Diego Acoglanis

Personal information
- Full name: Diego Hernán Acoglanis
- Date of birth: 3 February 1982 (age 43)
- Place of birth: Córdoba, Argentina
- Height: 1.75 m (5 ft 9 in)
- Position: Midfielder

Team information
- Current team: Central Córdoba Rosario (assistant)

Youth career
- Newell's Old Boys
- Rosario Central

Senior career*
- Years: Team / Apps / (Gls)
- 2002-2003: Rosario Central / 0 / (0)
- 2004–2005: Central Córdoba Rosario / 46 / (0)
- 2006: Coquimbo Unido / 4 / (0)
- 2006–2007: Lalín / – / (–)
- 2007–2008: Nuovo Campobasso / 32 / (1)
- 2008–2009: Hirpinia / – / (–)
- 2009–2010: Juve Stabia / 24 / (1)
- 2010: Fidene / 2 / (0)
- 2010–2011: Avellino / 12 / (1)
- 2011–2012: Paganese / 7 / (0)
- 2012–2013: Tiro Federal / 21 / (1)
- 2014: El Porvenir del Norte / – / (–)
- 2015: Coronel Aguirre / 23 / (2)
- 2016: ADIUR / – / (–)
- 2016: PSM Fútbol / 13 / (2)
- 2017: Cañadense / – / (–)
- 2017: Belgrano San Nicolás / 18 / (1)
- 2018: Unión Arroyo Seco / – / (–)
- Total:  / 202 / (9)

Managerial career
- 2019: Tiro Federal
- 2020: Arroyo Seco Athletic
- 2021: Argentino de Rosario (assistant)
- 2022–2023: Argentino de Rosario
- 2023–2024: Arroyo Seco Athletic
- 2024–: Central Córdoba Rosario (assistant)

= Diego Acoglanis =

Argentine footballer

Diego Hernán Acoglanis (born 3 February 1982) is an Argentine football manager and former player who played as a midfielder.

==Playing career==
Acoglanis was with Newell's Old Boys before joining Rosario Central, with whom he started his career.

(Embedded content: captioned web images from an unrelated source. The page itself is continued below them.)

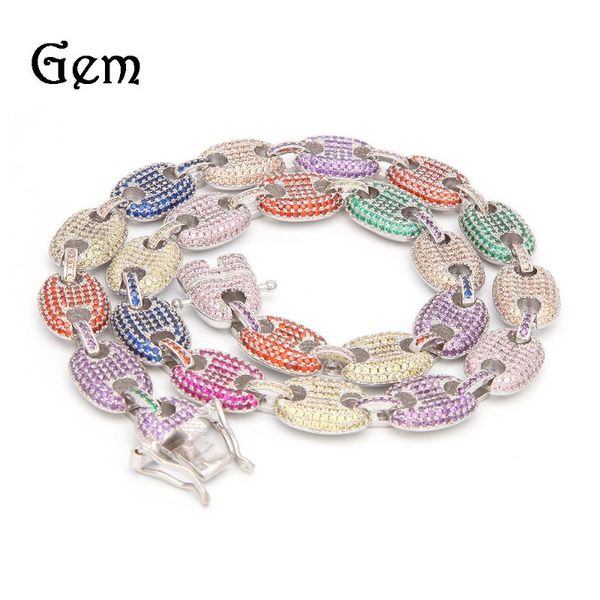 bangle hip hop colorful zircon pig nose chain coffee bean gold electroplating high grade jewelry multi specification, Black
bangle hip hop colorful zircon pig nose chain coffee bean gold electroplating high grade jewelry multi specification, Black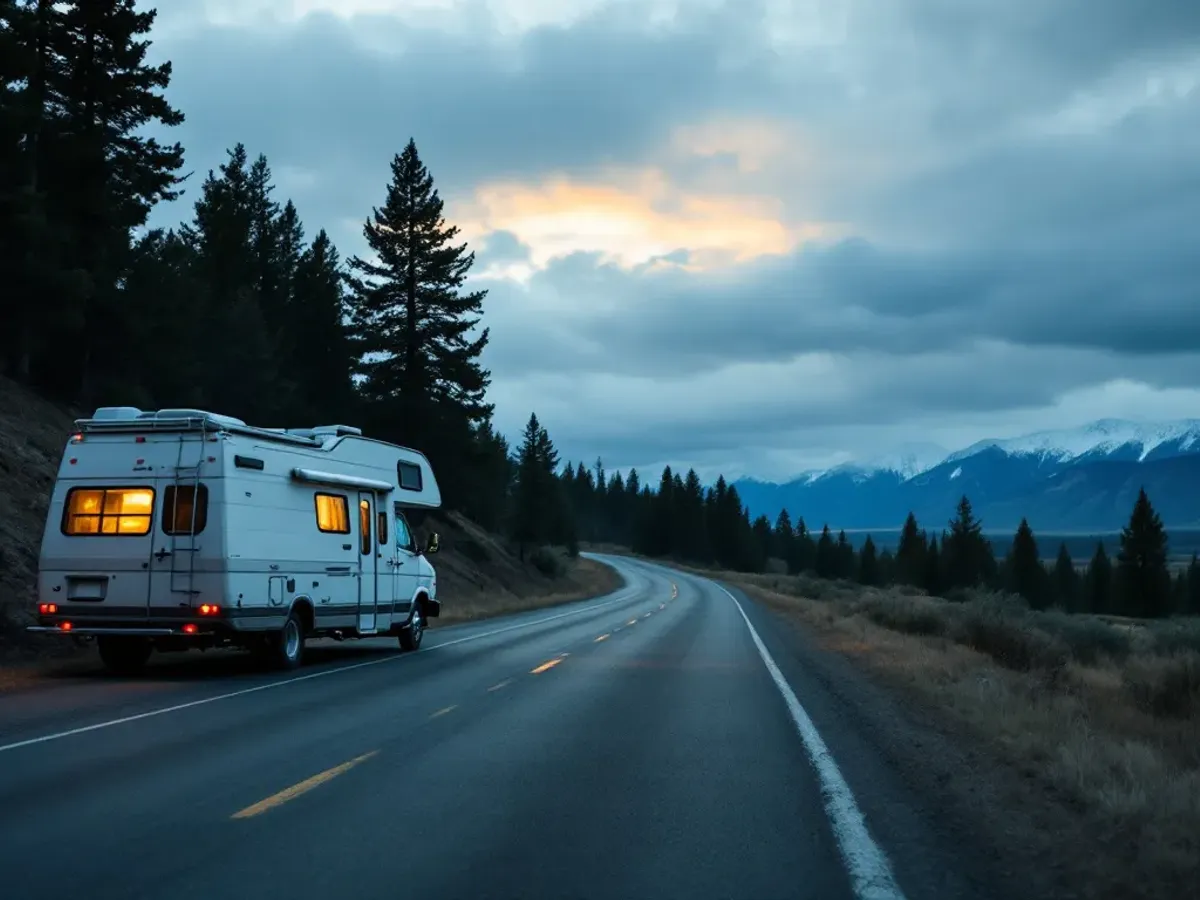 Campervan på øde vej i Wyoming, Gabby Petito-sagen, 2021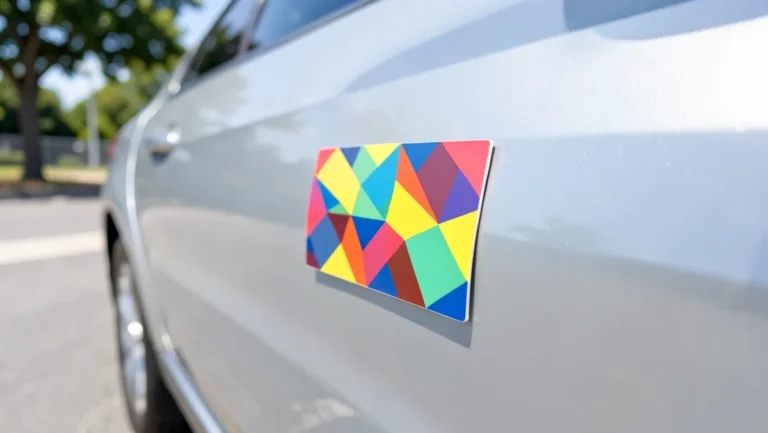 Colorful custom magnetic sign attached to a car door panel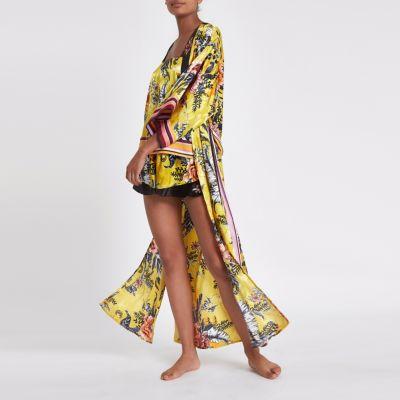 River Island Womens Floral Maxi Kimono Robe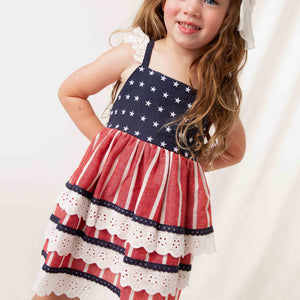 Baby Kids Bamboo Pajamas — USA Tiered Ruffle Dress — Image 1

He made his debut with Central Córdoba de Rosario in the Argentine Primera B.

In 2006, he moved abroad and signed with Coquimbo Unido in the Chilean Primera División. In August of the same year, he moved to Europe and signed with Spanish club Lalín.

From 2007 to 2012, he played for clubs in the minor categories in Italy, such as Nuovo Campobasso, Juve Stabia, among others.

He returned to Argentina in 2012 and signed with Tiro Federal from Rosario.

In his last years, he played at minor categories of the Argentine football for clubs such as El Porvenir del Norte, Coronel Aguirre, ADIUR, PSM Fútbol, Cañadense, among others.

==Coaching career==
Following his retirement, Acloglanis started his coaching career with Tiro Federal in 2019.

In 2022 and 2023, he led Argentino de Rosario and won the 2022 Copa Santa Fe, the first official title for the club. After, he coached Arroyo Seco Athletic Club before joining the technical staff of Daniel Teglia as assistant coach in Central Córdoba Rosario in April 2024.

==Personal life==
Acoglanis holds Italian citizenship.

He is nicknamed Tata.

His brother, Leonardo, is a football coach with whom he has worked in Argentino de Rosario.